Lines before the one containing "B&aacute;o ảnh số" are not wanted; restate the rest below word for word, through the last line, but drop any pictures.

[Captioned web images]
▶

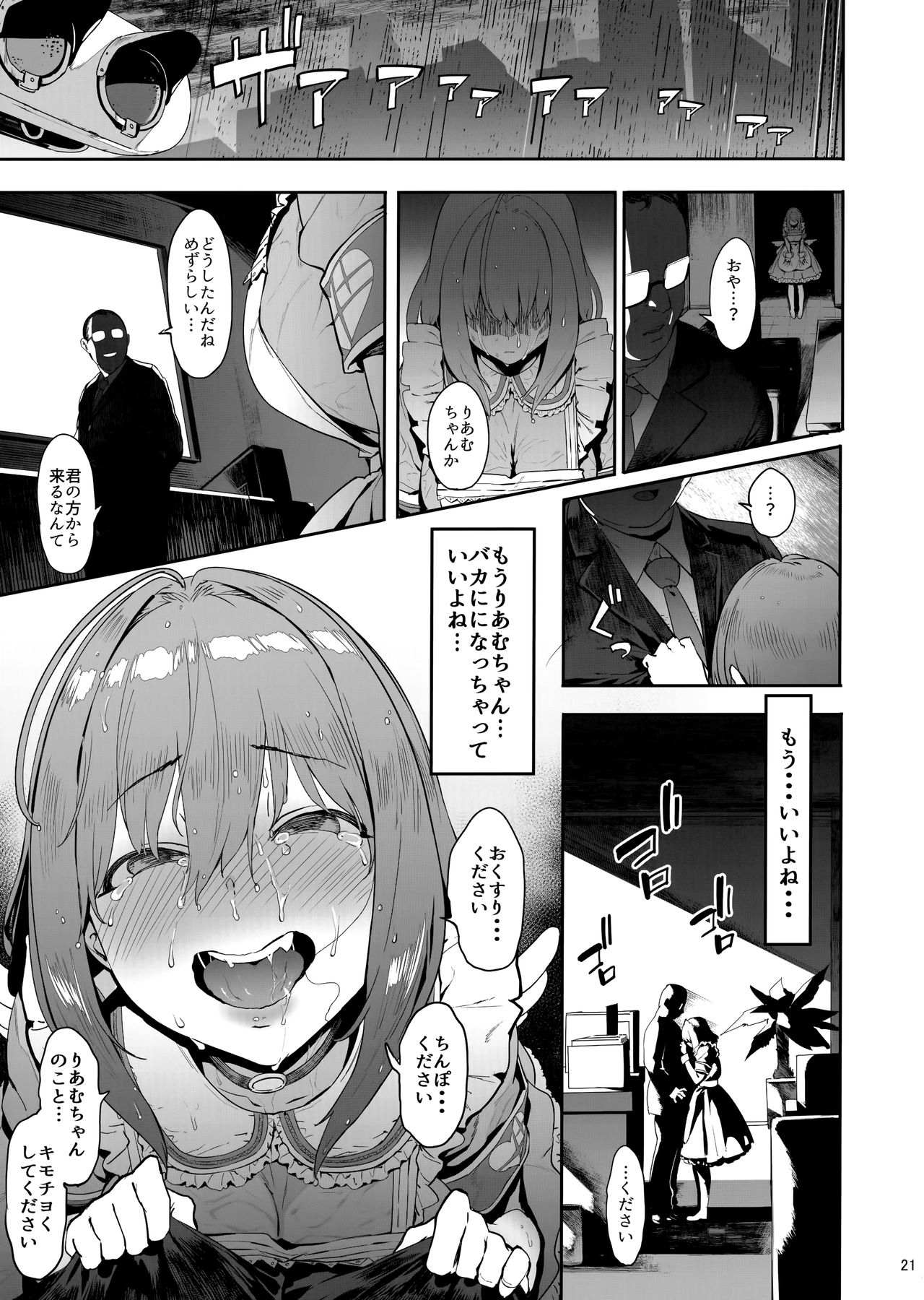 (C96) [PIANIISHIMO (Pija)] Yume Miru Kusuri (THE IDOLM@STER CINDERELLA GIRLS) page 20 full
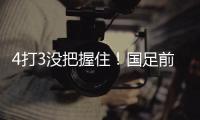 4打3没把握住！国足前场抢断，塞鸟长驱直入禁区前射门打飞！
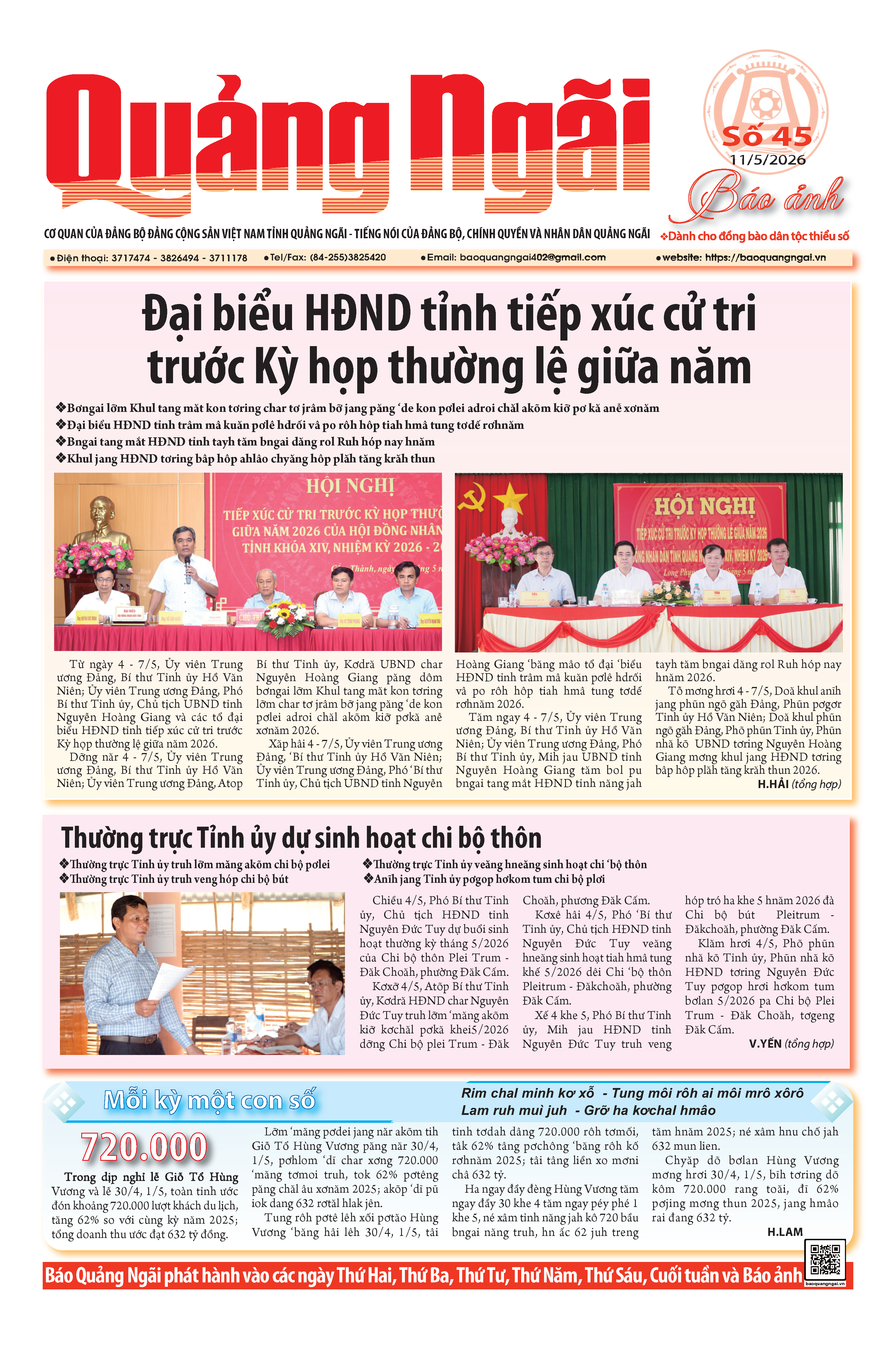 B&aacute;o ảnh số 45 ra ng&agrave;y 11/5/2026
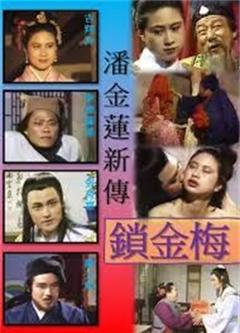 《潘金莲新传锁金梅》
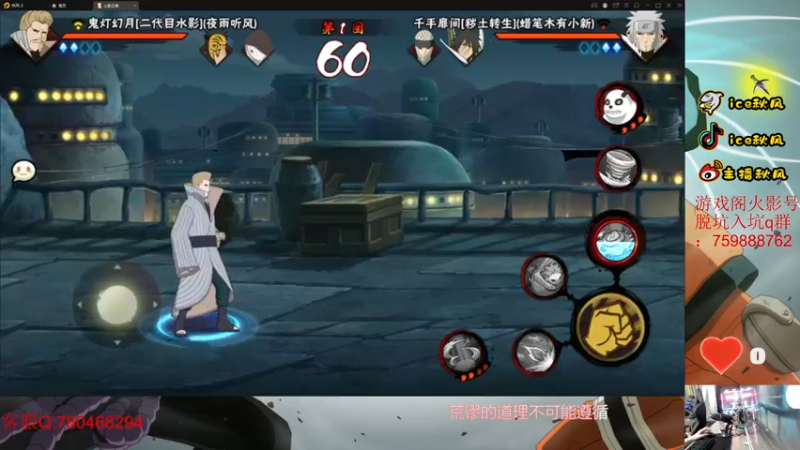 【2022-08-14 20点场】ice秋风：蜘蛛侠登场！  6866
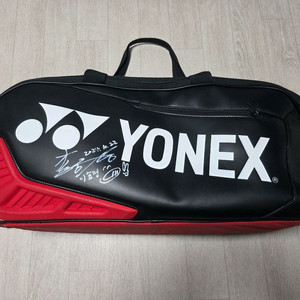요넥스 배드민턴 가방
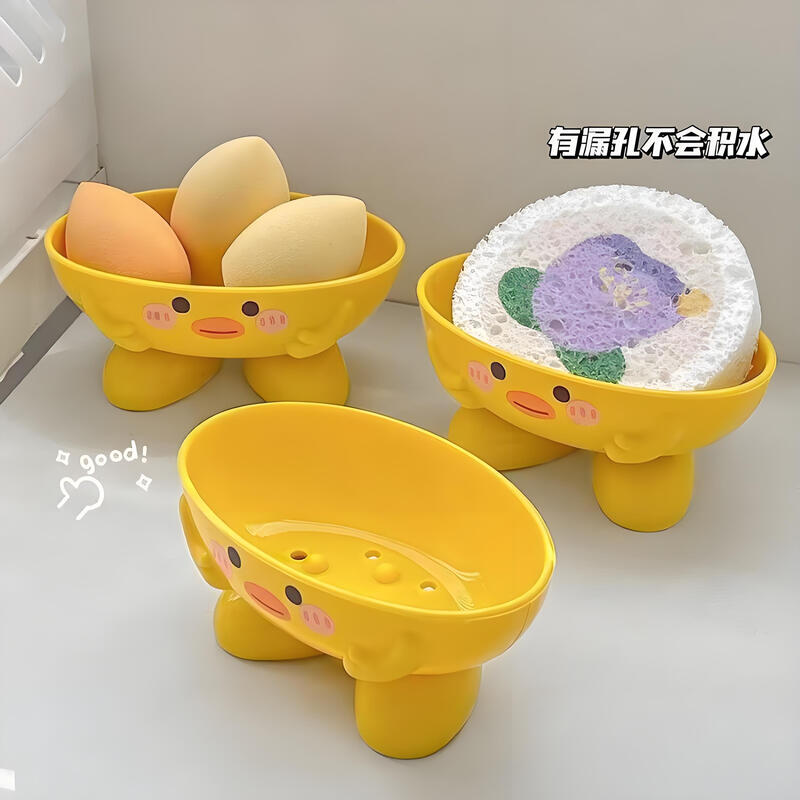 Soap box storage rack cartoon soap box duck storage bathroom household cute dormitory little yellow duck bathroom little yellow duck soap box 1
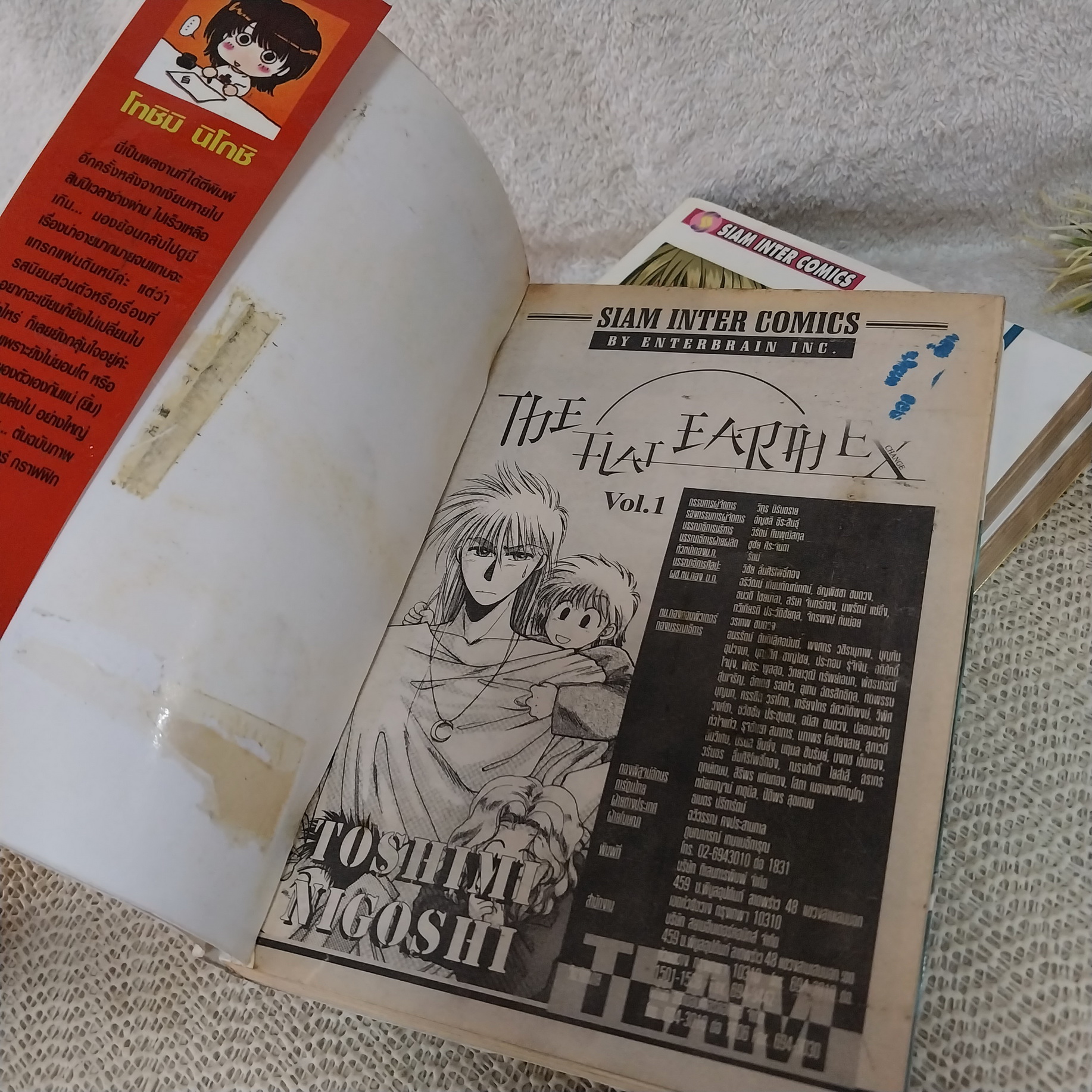 THE FLAT EARTH EX 1-3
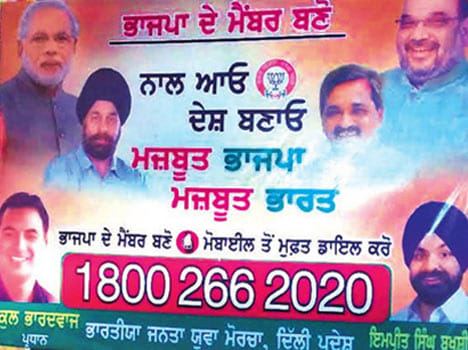 Bjp lingual route to attract voters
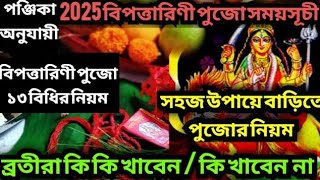 Maa Bipadtarini pujo 2025 | আষাঢ় মাসে মা বিপত্তারিণী পূজা 2025 তারিখ ও সময় | Vokti Darshnum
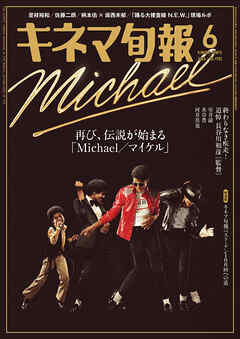 キネマ旬報　2026年6月号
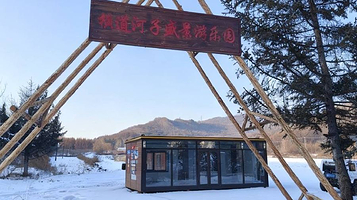 横道河子盛景游乐园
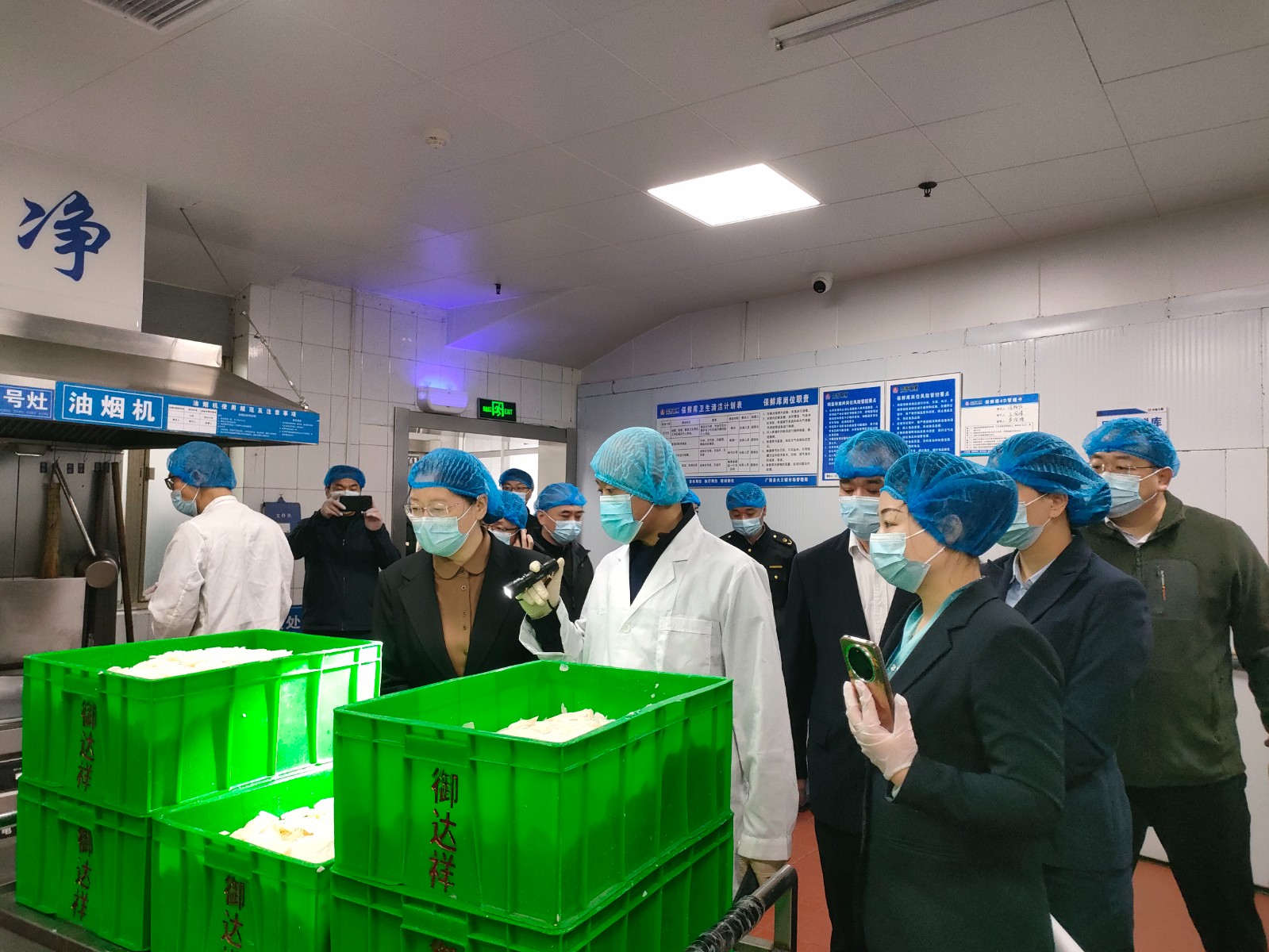 微信图片_20250327090258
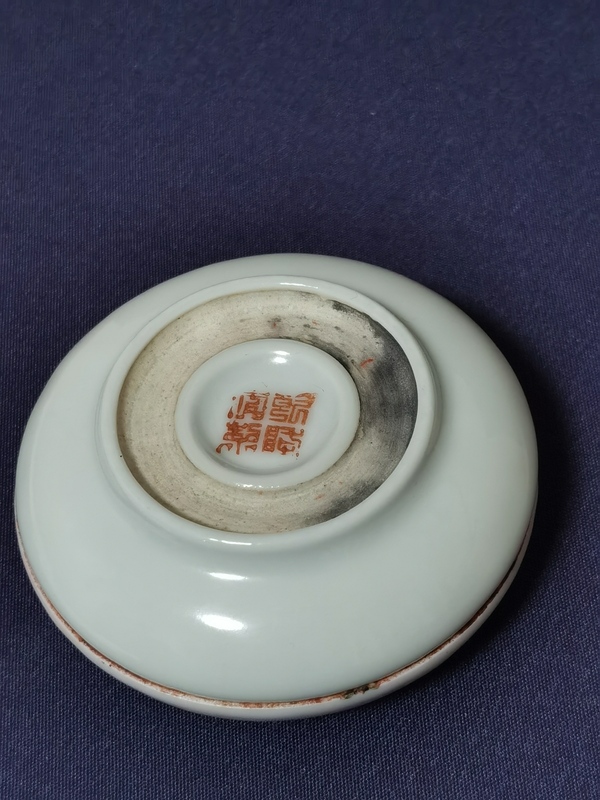 古玩陶瓷粉彩花鳥紋印盒拍賣,當前價格1699元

◀

• Response to this task:
 B&aacute;o ảnh số 45 ra ng&agrave;y 11/5/2026
 《潘金莲新传锁金梅》
 【2022-08-14 20点场】ice秋风：蜘蛛侠登场！  6866
요넥스 배드민턴 가방
 Soap box storage rack cartoon soap box duck storage bathroom household cute dormitory little yellow duck bathroom little yellow duck soap box 1
 THE FLAT EARTH EX 1-3
 Bjp lingual route to attract voters
 Maa Bipadtarini pujo 2025 | আষাঢ় মাসে মা বিপত্তারিণী পূজা 2025 তারিখ ও সময় | Vokti Darshnum
 キネマ旬報　2026年6月号
 横道河子盛景游乐园
 微信图片_20250327090258
 古玩陶瓷粉彩花鳥紋印盒拍賣,當前價格1699元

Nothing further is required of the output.